Pacific in the Window
By: Gustav Hoiland
Category: ocean travel
Aperture: | f/5 |
---|---|
Focal Length: | 38mm |
ISO: | 100 |
Shutter: | 1/0 sec |
Camera: | NIKON D80 |
I figured out my humble laptop is perfectly capable of handling basic editing of the footage from my lovely photo (and video) machine. Which means I’ve been shooting all sorts of video…today. And in the coming days I’m sure. My school has a contest for who can make their internship look the coolest on video, so that’ll be my first real undertaking with motion.

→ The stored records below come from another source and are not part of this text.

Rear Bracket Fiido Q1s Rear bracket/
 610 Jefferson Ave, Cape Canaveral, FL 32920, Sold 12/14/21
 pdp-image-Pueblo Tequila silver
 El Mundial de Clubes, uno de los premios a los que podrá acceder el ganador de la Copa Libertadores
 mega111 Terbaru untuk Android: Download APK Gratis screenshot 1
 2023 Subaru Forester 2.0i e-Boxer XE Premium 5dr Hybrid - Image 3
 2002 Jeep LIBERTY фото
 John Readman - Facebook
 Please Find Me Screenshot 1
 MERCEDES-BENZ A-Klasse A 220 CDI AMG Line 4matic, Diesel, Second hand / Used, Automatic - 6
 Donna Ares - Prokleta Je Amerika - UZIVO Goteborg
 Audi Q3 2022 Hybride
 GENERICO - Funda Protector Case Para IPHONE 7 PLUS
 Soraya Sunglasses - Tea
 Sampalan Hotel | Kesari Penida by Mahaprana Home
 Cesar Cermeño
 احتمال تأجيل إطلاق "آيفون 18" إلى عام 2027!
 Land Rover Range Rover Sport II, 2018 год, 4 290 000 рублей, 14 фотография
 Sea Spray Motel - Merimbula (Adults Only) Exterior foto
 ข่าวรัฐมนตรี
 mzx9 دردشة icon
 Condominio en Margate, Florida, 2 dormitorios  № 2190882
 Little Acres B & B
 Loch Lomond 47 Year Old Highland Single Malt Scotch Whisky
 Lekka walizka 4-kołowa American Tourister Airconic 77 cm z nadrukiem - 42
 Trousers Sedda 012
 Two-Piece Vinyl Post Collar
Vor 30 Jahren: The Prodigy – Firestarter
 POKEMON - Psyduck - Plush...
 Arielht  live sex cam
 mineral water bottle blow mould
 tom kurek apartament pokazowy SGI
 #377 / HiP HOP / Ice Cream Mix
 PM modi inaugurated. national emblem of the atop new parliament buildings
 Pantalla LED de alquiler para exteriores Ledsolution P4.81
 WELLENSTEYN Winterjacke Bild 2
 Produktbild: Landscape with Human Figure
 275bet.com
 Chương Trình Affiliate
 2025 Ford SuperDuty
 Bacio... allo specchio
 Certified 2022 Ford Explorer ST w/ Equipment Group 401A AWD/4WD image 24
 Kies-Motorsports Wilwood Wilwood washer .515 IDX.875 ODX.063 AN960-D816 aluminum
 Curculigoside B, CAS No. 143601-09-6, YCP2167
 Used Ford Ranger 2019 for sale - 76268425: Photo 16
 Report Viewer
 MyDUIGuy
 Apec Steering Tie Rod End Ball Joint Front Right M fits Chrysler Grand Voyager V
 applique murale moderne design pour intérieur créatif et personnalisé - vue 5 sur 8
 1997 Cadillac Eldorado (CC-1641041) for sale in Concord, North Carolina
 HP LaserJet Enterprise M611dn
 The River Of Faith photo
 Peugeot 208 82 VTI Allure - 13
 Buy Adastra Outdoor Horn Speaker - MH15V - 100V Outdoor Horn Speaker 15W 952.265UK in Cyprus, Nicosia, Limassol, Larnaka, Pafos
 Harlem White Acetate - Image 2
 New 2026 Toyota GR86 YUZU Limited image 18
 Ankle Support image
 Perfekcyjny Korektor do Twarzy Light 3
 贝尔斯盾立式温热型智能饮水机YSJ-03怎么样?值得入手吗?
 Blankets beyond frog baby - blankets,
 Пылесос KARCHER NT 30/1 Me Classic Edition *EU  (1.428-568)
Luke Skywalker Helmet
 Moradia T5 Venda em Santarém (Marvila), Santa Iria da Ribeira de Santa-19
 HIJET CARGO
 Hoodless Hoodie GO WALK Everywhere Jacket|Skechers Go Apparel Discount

I will be selling it as hard as I can, possibly using such lines as “would you look at this sprawling mass of CLASS “A” OFFICE SPACE??! Only in my wildest dreams did I imagine such luxury…” But to be sure, there will be plenty of showing off the forklift maneuvering skills.
Which brings us to another found photo from fate’s fortunate vantage. That sentence really fell apart after the 4th sequential “F” sound. But really. I probably shot these windows a dozen or times during my time aboard, and I find them all striking somehow. First off this window (like the others, if framed like this) is afloat in a sea of this matte white. Looking only at the white you’d have no grasp on perspective, but with the window we get grounded. But this pane in its frame still hangs in this kind of omniscient white.
Within the reflection the horizon and its warmth are the most obvious, but the real treat is the railing near the bottom. It allows your mind to envision the physical space of the deck. The photo isn’t about seeing the Pacific in reflection, it’s about placing yourself on that deck and turning away from the window to bask in the infinity in front of you.
The window itself reminds me of the original iPod. A thick rectangle with curved corners represented in shades of gray.